**What you have to do:**
Wherever a picture appears, skip it and retype the rest of the data exactly.

**Data:**
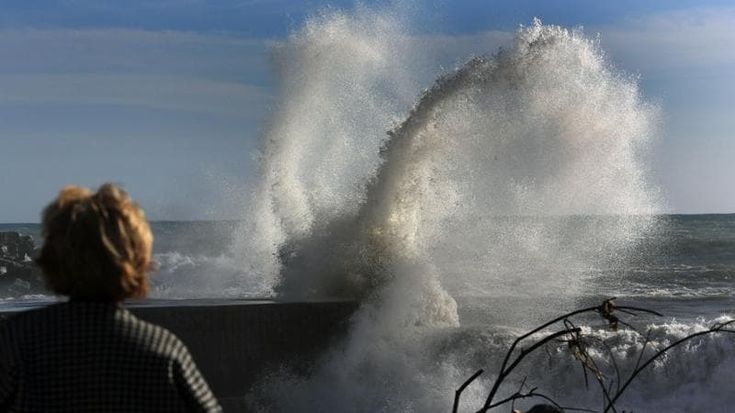 Mareggiata a Genova, lo spettacolo delle onde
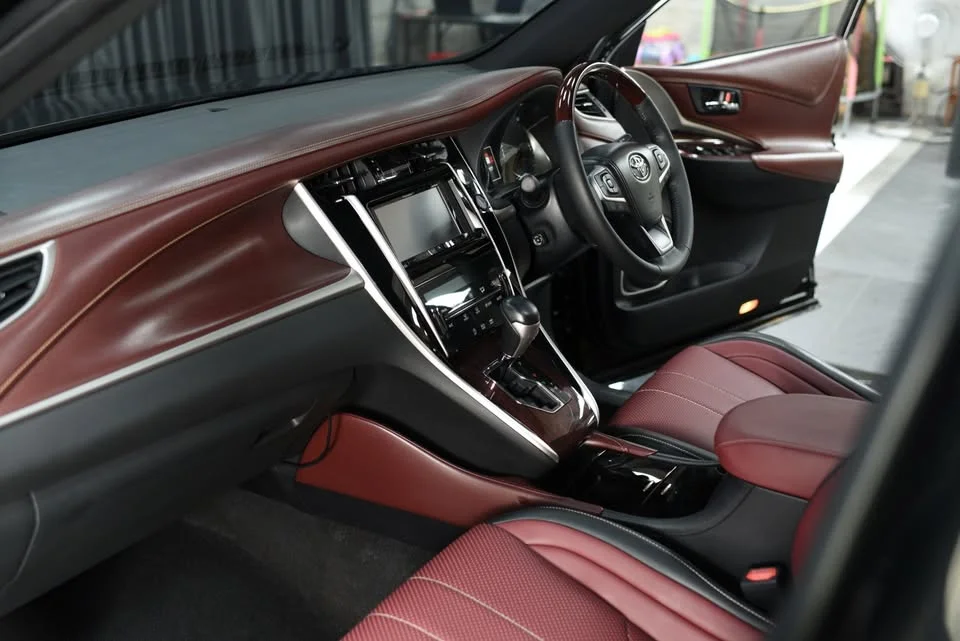 2014 Toyota Harrier III 3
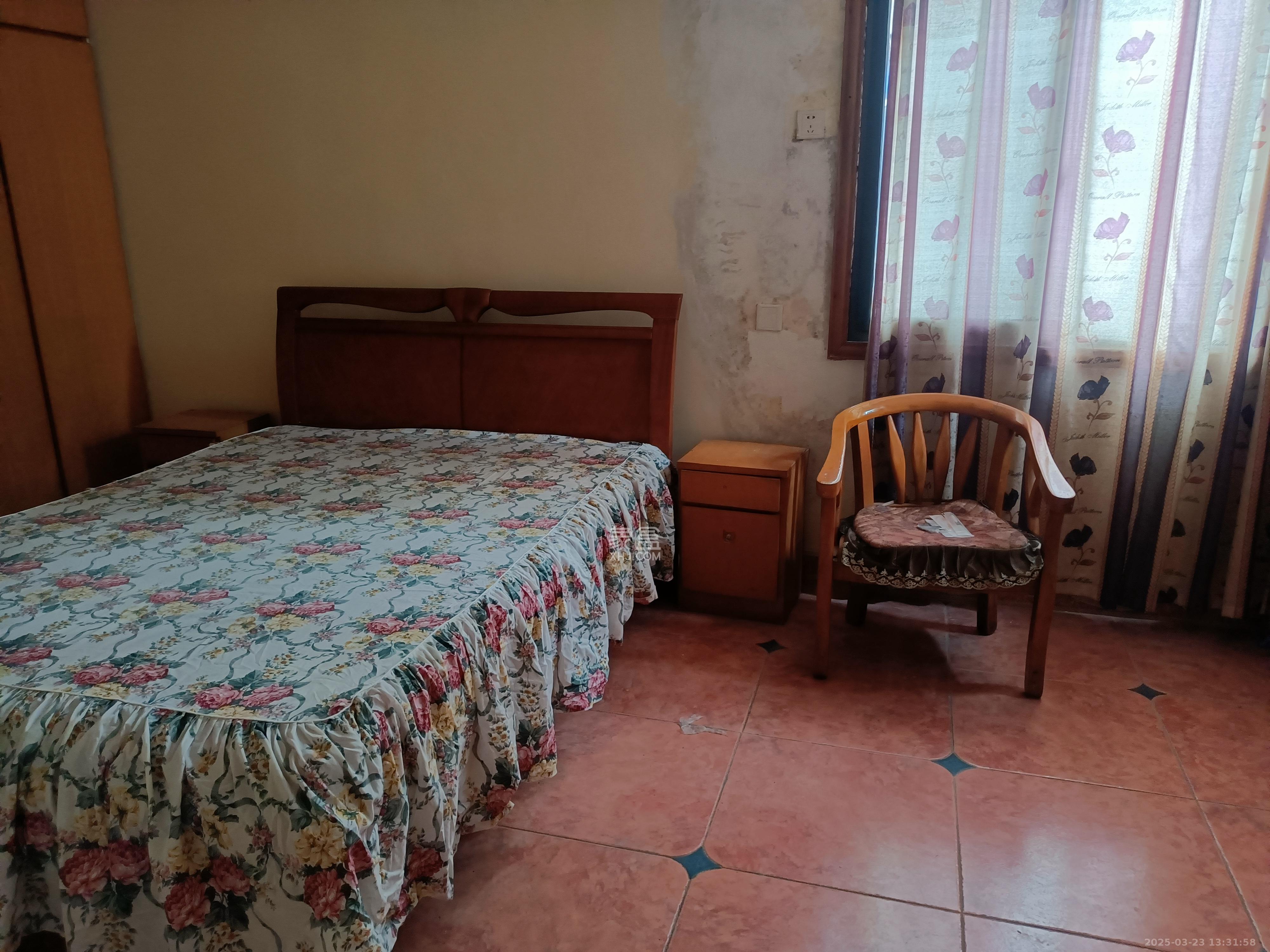 连升街散盘  2室2厅1卫    2500.0元/月 连升街散盘  2室2厅1卫    2500.0元/月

**Answer space:**
 Mareggiata a Genova, lo spettacolo delle onde
 2014 Toyota Harrier III 3
 连升街散盘  2室2厅1卫    2500.0元/月 连升街散盘  2室2厅1卫    2500.0元/月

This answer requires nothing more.